Although extending this functionality may be easy as all the slaves
periodically ping the master,
I was just thinking of piggybacking one bit information from the slave to
the master and master
may send this information to all the slaves in the next round. Any
suggestions to this approach ?
Thanks.
With Regards
-----
Chaman Singh Verma
Poona, India
--
View this message in context: http://www.nabble.com/Aborting-Map-Function-tp16722552p16722552.html
Sent from the Hadoop core-user mailing list archive at Nabble.com.
Re: Aborting Map Function
Posted by Andrzej Bialecki <ab...@getopt.org>.
Owen O'Malley wrote:
> On Apr 16, 2008, at 8:28 AM, Chaman Singh Verma wrote:
>
>> I am developing one application with MapReduce and in that whenever some
>> MapTask condition is
>> met, I would like to broadcast to all other MapTask to abort their
>> work. I
>> am not quite sure whether
>> such broadcasting functionality currently exist in Hadoop MapReduce.
>> Could
>> someone give some
>> hints.
>
> This is pretty atypical behavior, but you could have each map look for
> the existence of an hdfs file every 1 minute or so. When the condition
> is true, create the file and your maps will exit in the next minute.

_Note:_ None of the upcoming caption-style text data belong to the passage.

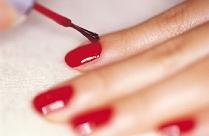 Spa Manicure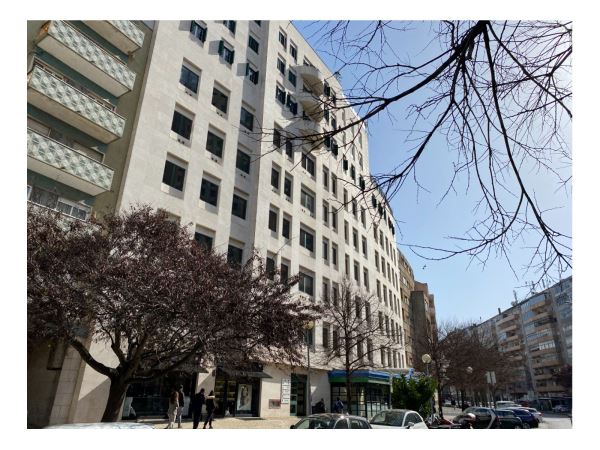 Escritório Com 153M2 Na Av. Columbano Bordalo Pinheiro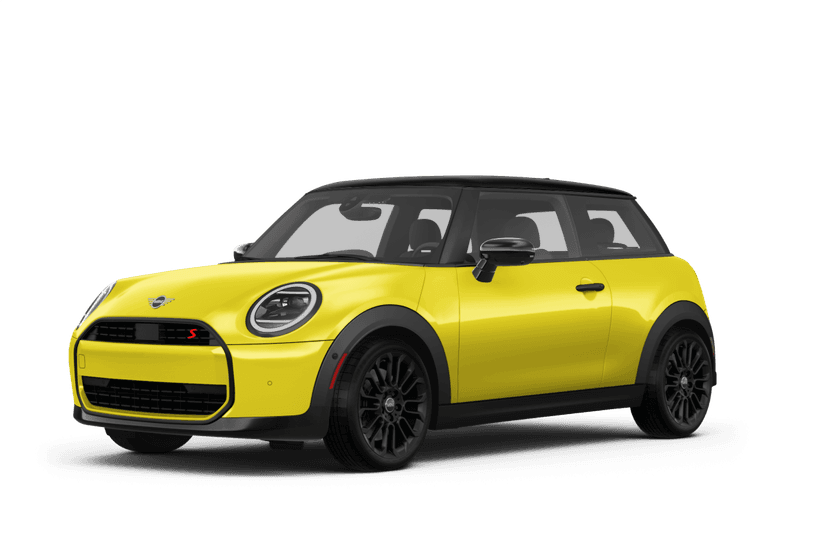 2025 MINI Hardtop 2 Door 2025 MINI Hardtop 2 Door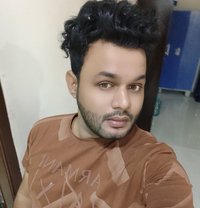 Ravi for Massage - Acompañantes masculino in Hyderabad
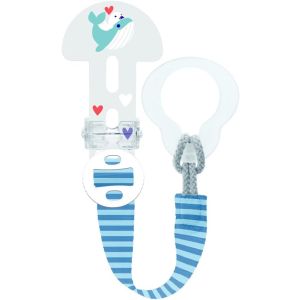 PRENDEDOR CHUPETA CLIP IT MAM CL20011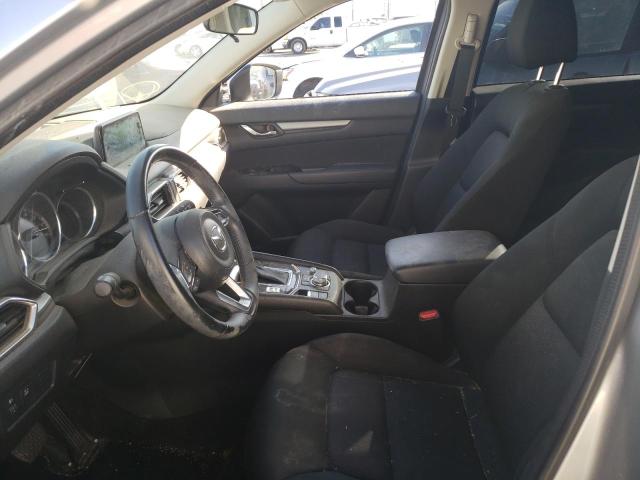 Photo 7 from auction – 2019 MAZDA CX-5 SPORT with VIN JM3KFABM2K0518523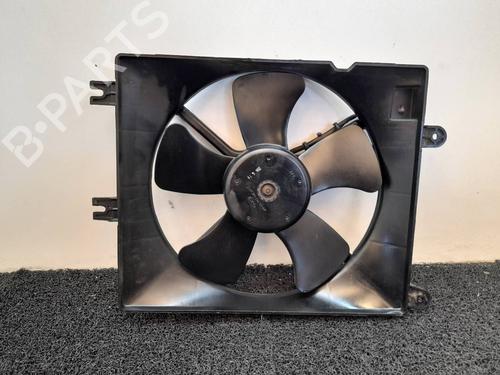 Used Radiator fan CHEVROLET LACETTI (J200) 1.6 (109 hp) 7906212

> Except on very large clusters, that wouldn't be too expensive...
See also HADOOP-490. I use the message queue facility in my applications
(HADOOP-368) but it works only for infrequent communication and smaller
clusters.
I still think that the job control protocol should allow sending
"signals" to all tasks of a job. This would eliminate the need for
polling, because applications could use a simple listener.
--
Best regards,
Andrzej Bialecki <><
___. ___ ___ ___ _ _ __________________________________
[__ || __|__/|__||\/| Information Retrieval, Semantic Web
___|||__|| \| || | Embedded Unix, System Integration
http://www.sigram.com Contact: info at sigram dot com
Re: Aborting Map Function
Posted by Milind Bhandarkar <mi...@yahoo-inc.com>.

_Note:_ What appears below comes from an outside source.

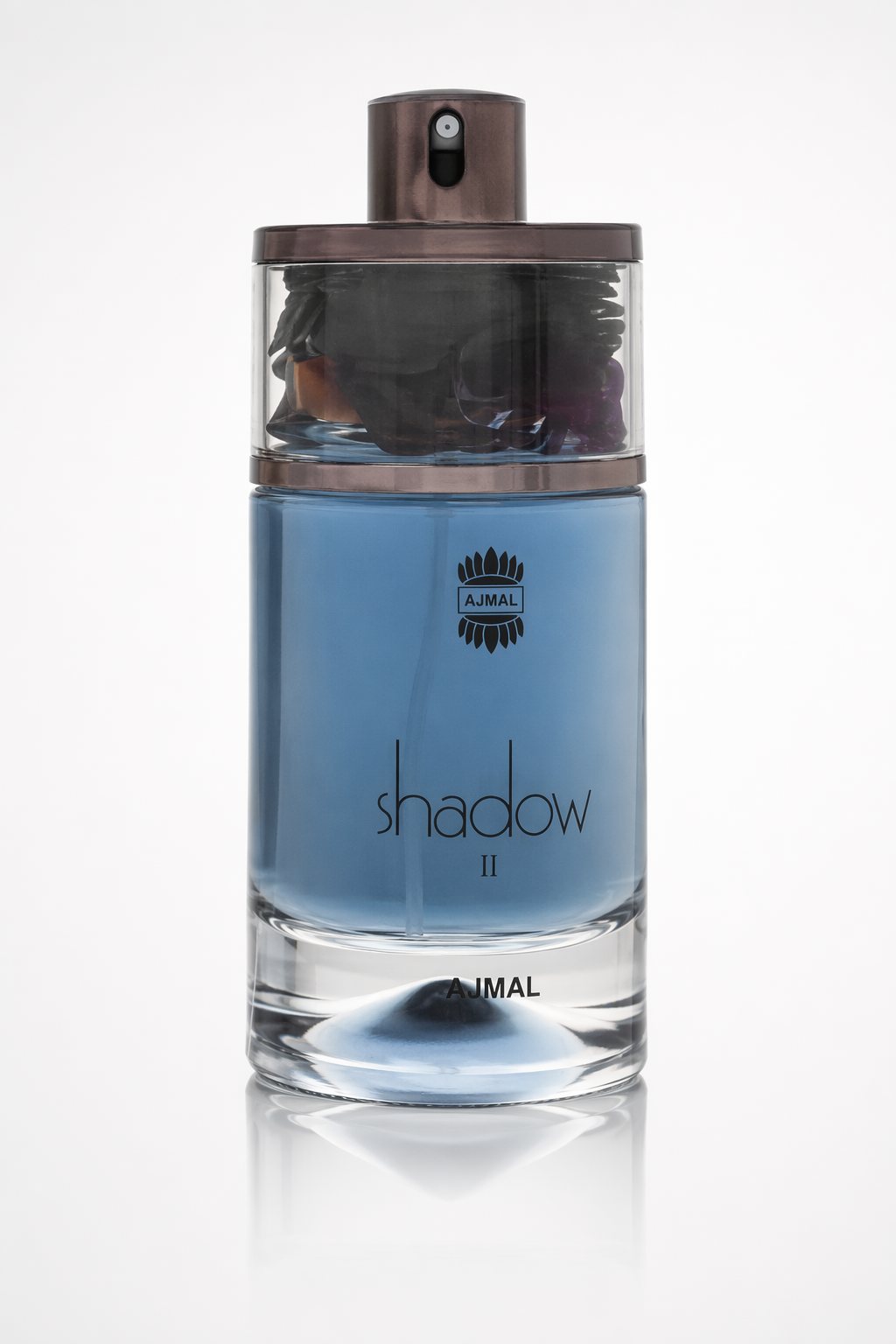 Ajmal Shadow Ii Eau De Parfum Spray By Ajmal Default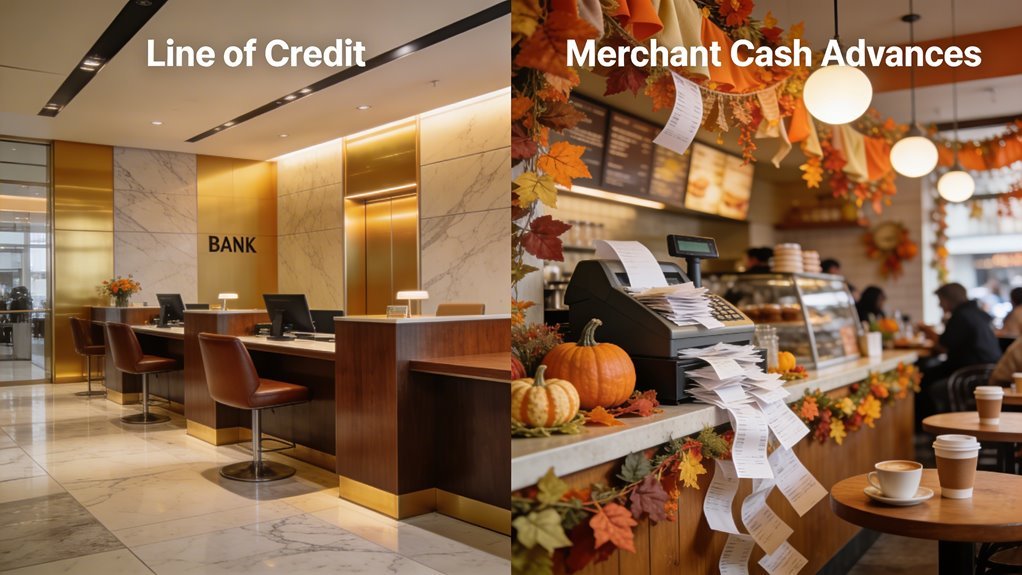 financing options for seasons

If you want to kill the whole job (I assume that's what you mean by
"aborting all map tasks") from a mapper, you can use:
new JobClient(jobConf).getJob(job.get("mapred.job.id")).killJob();
- milind
On 4/16/08 10:25 AM, "Owen O'Malley" <oo...@yahoo-inc.com> wrote:
> On Apr 16, 2008, at 8:28 AM, Chaman Singh Verma wrote:
>
>> I am developing one application with MapReduce and in that whenever
>> some
>> MapTask condition is
>> met, I would like to broadcast to all other MapTask to abort their
>> work. I
>> am not quite sure whether
>> such broadcasting functionality currently exist in Hadoop
>> MapReduce. Could
>> someone give some
>> hints.
>
> This is pretty atypical behavior, but you could have each map look
> for the existence of an hdfs file every 1 minute or so. When the
> condition is true, create the file and your maps will exit in the
> next minute. Except on very large clusters, that wouldn't be too
> expensive...
>
> -- Owen
- Milind
--
Milind Bhandarkar, Chief Spammer, Grid Team
Y!IM: GridSolutions
408-349-2136
(milindb@yahoo-inc.com)
Re: Aborting Map Function
Posted by Owen O'Malley <oo...@yahoo-inc.com>.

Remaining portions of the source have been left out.